◆ Exercise inputs ◆
══════

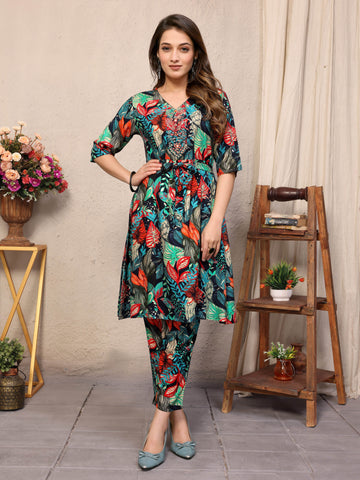 SUNDARNAARI Cotton Blend Printed Co-Ords – Elegant Mint Green Casual Wear for Women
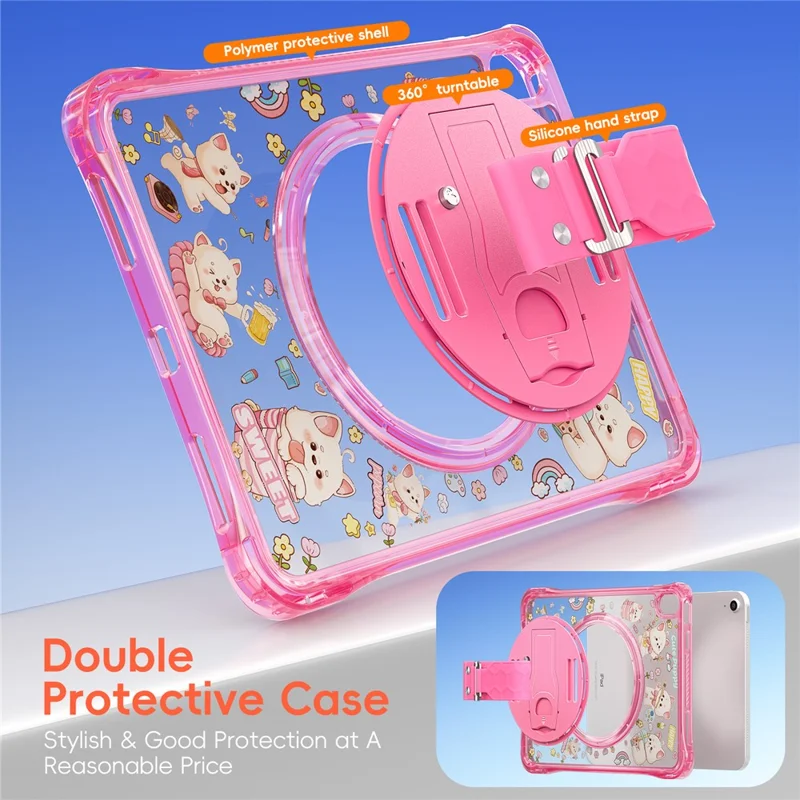 For iPad (2025)  /  10.9 (2022) Case Kickstand Hand Strap Imprint PC + TPU + Acrylic Tablet Cover - Pink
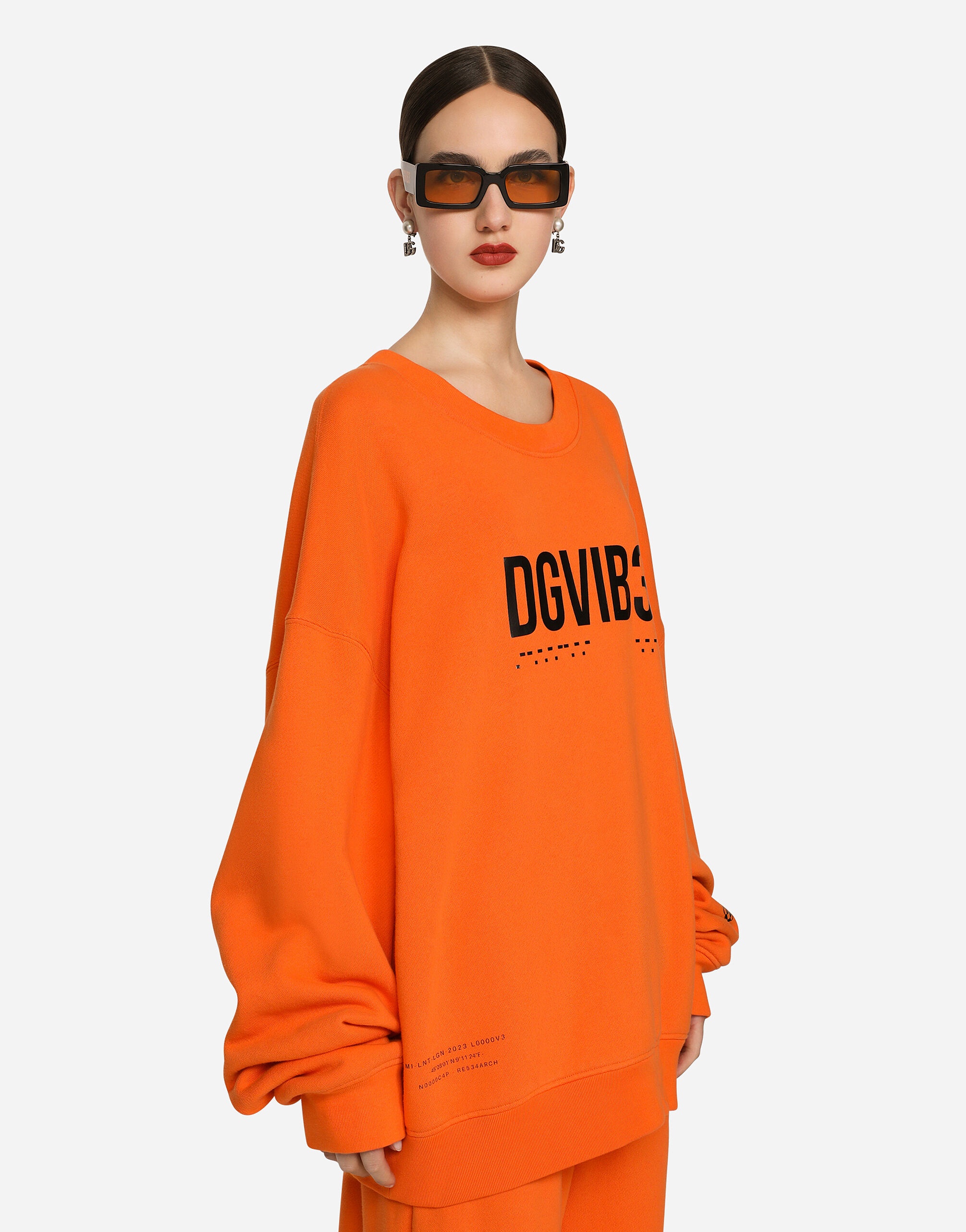Cotton jersey round-neck sweatshirt with DGVIB3 print - 7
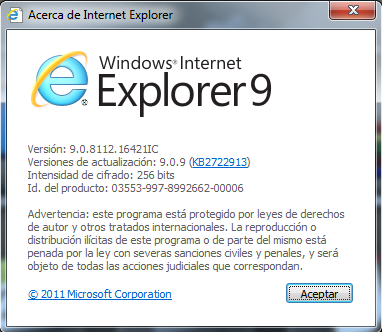 acerca de Internet Explorer 9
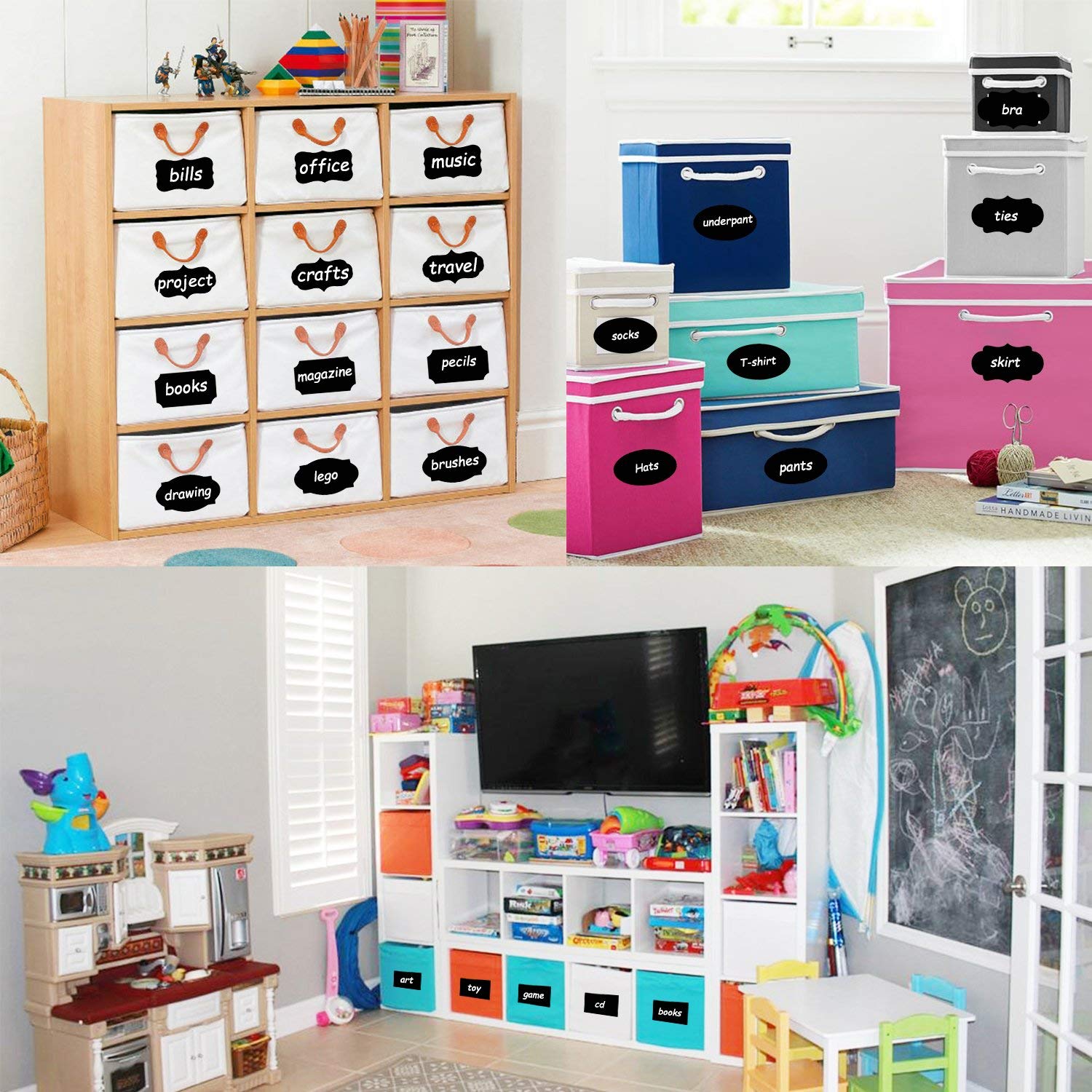 Chalkboard Labels - 88 Premium Reusable Chalkboard Stickers with 1 Free Erasable Liquid Chalk Markers for Labeling Jars, Parties, Craft Rooms and Organize Your Home & Kitchen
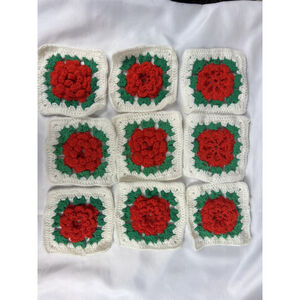 Vintage 3D Rose Granny Square Crochet 9 Squares Craft White Red Floral 6.5x6.5”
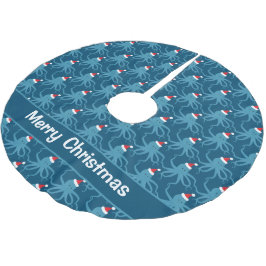 Octopus Weihnachtsmannmütze Blue Christmas Polyester Weihnachtsbaumdecke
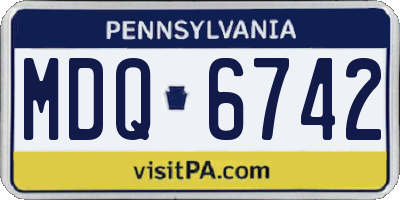 PA license plate MDQ6742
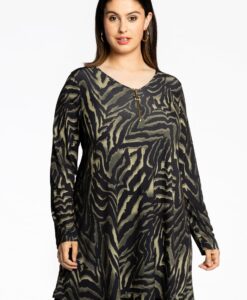 Yoek Tunic wide bottom zip KAMEO | Groen | Maat 54/56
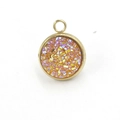 Macro view of a gold circular resin pendant featuring colorful iridescent stone inlay - Rainbow(10)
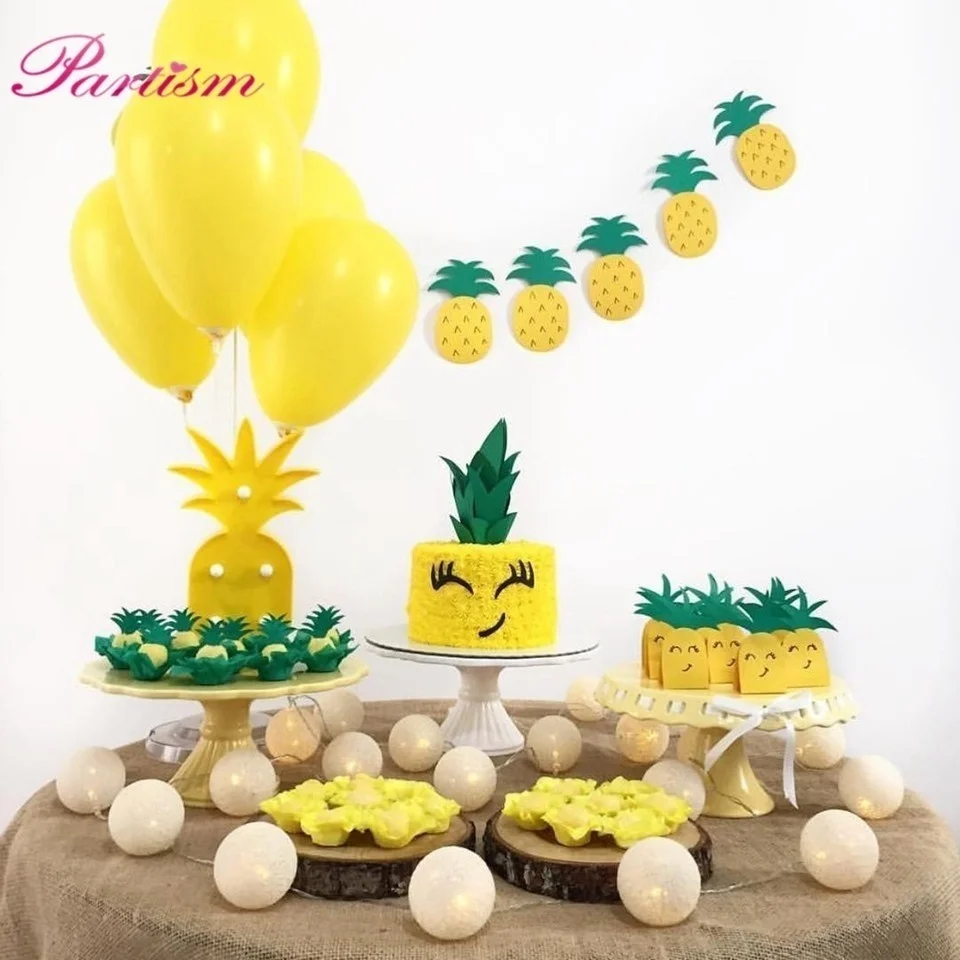 1Set Pineapple Flamingo Honeycomb Cake Toppers Paper Straws Kids Birhtday Party Decoration Summer Pool Party Hainging Ornaments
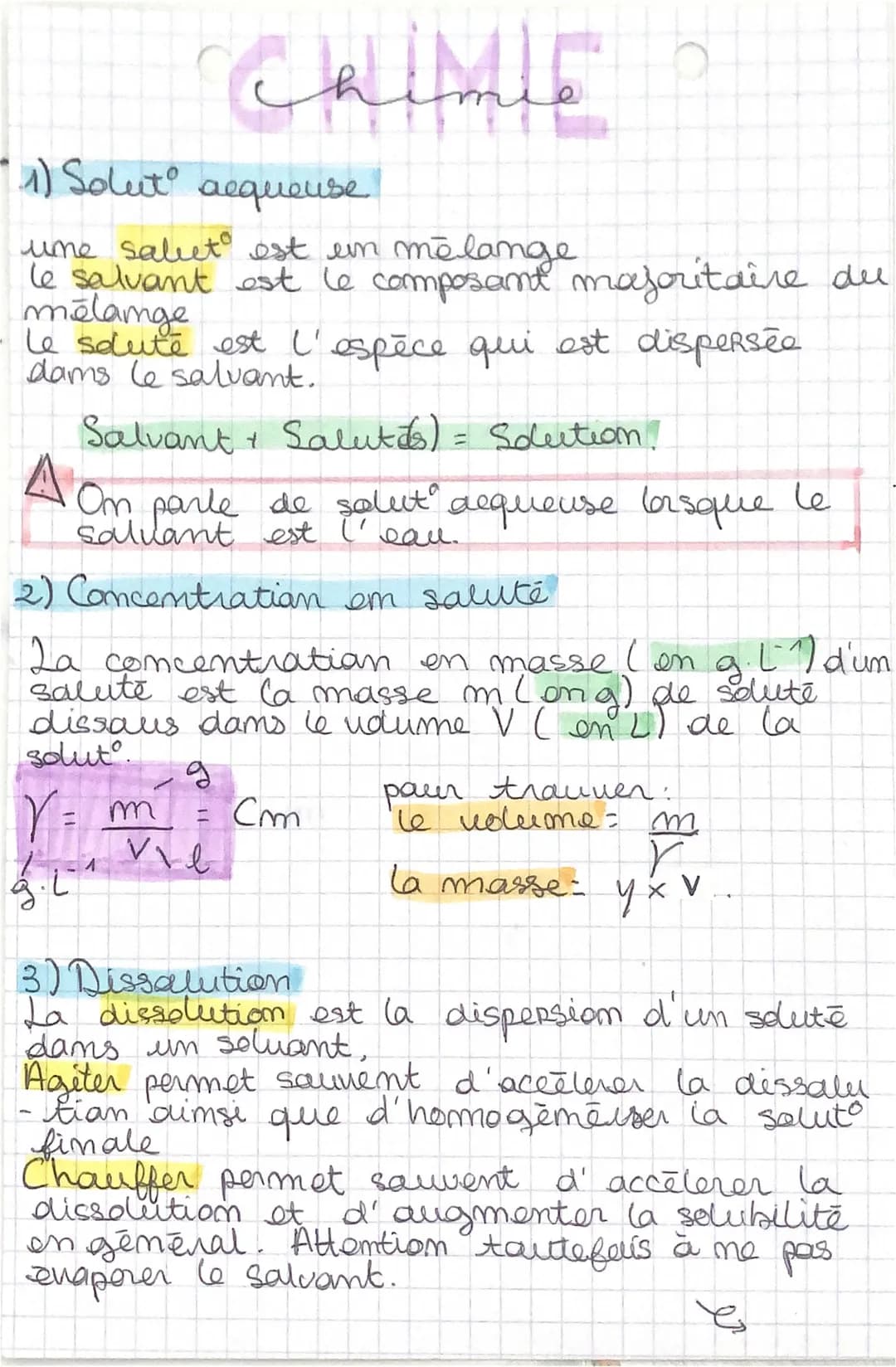 1) Solut aequeuse
une salut est un mélange
le salvant est le composant majoritaire du
mélange
le solute est l'espèce qui est dispersée
dams 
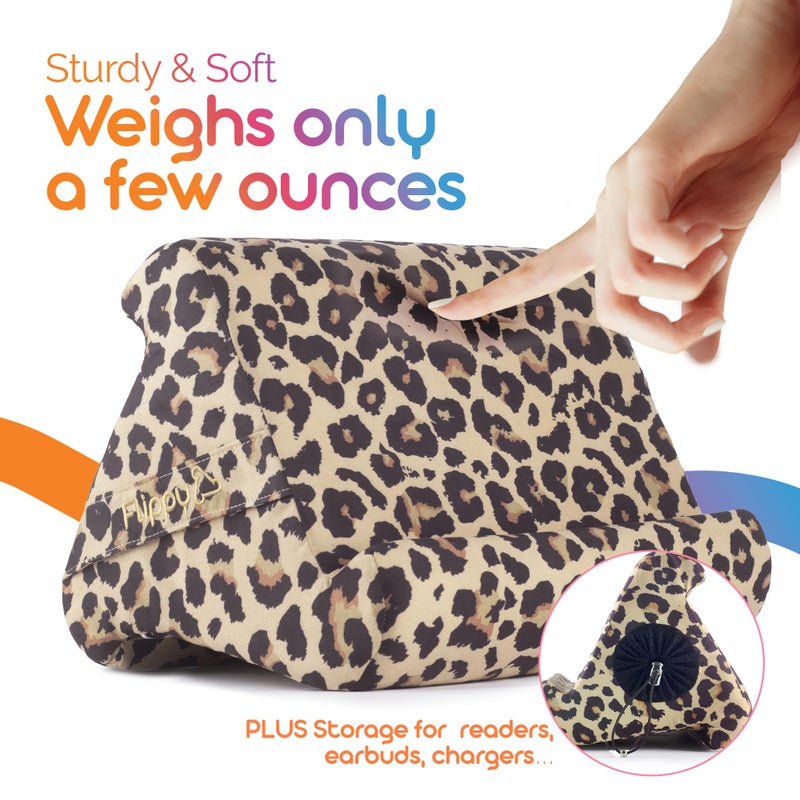 Flippy Original Tablet Pillow Stand & iPad Holder, Gift for Book Lovers & Readers, Multi-Angle Stand with Storage for Lap, Desk & Bed, Compatible with Kindle, Fire, iPad & Samsung, Def Leopard - Image 3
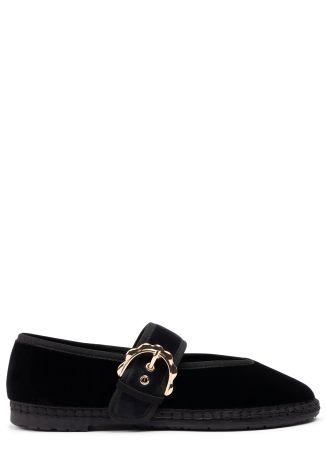 Sophie black velvet Mary Jane flats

══════

◆ Task prompt ◆
Copy every line of the listing above exactly. Leave each picture out.

◆ Solved exercise ◆
 SUNDARNAARI Cotton Blend Printed Co-Ords – Elegant Mint Green Casual Wear for Women
 For iPad (2025)  /  10.9 (2022) Case Kickstand Hand Strap Imprint PC + TPU + Acrylic Tablet Cover - Pink
Cotton jersey round-neck sweatshirt with DGVIB3 print - 7
 acerca de Internet Explorer 9
 Chalkboard Labels - 88 Premium Reusable Chalkboard Stickers with 1 Free Erasable Liquid Chalk Markers for Labeling Jars, Parties, Craft Rooms and Organize Your Home & Kitchen
 Vintage 3D Rose Granny Square Crochet 9 Squares Craft White Red Floral 6.5x6.5”
 Octopus Weihnachtsmannmütze Blue Christmas Polyester Weihnachtsbaumdecke
 PA license plate MDQ6742
 Yoek Tunic wide bottom zip KAMEO | Groen | Maat 54/56
 Macro view of a gold circular resin pendant featuring colorful iridescent stone inlay - Rainbow(10)
 1Set Pineapple Flamingo Honeycomb Cake Toppers Paper Straws Kids Birhtday Party Decoration Summer Pool Party Hainging Ornaments
 1) Solut aequeuse
une salut est un mélange
le salvant est le composant majoritaire du
mélange
le solute est l'espèce qui est dispersée
dams 
 Flippy Original Tablet Pillow Stand & iPad Holder, Gift for Book Lovers & Readers, Multi-Angle Stand with Storage for Lap, Desk & Bed, Compatible with Kindle, Fire, iPad & Samsung, Def Leopard - Image 3
 Sophie black velvet Mary Jane flats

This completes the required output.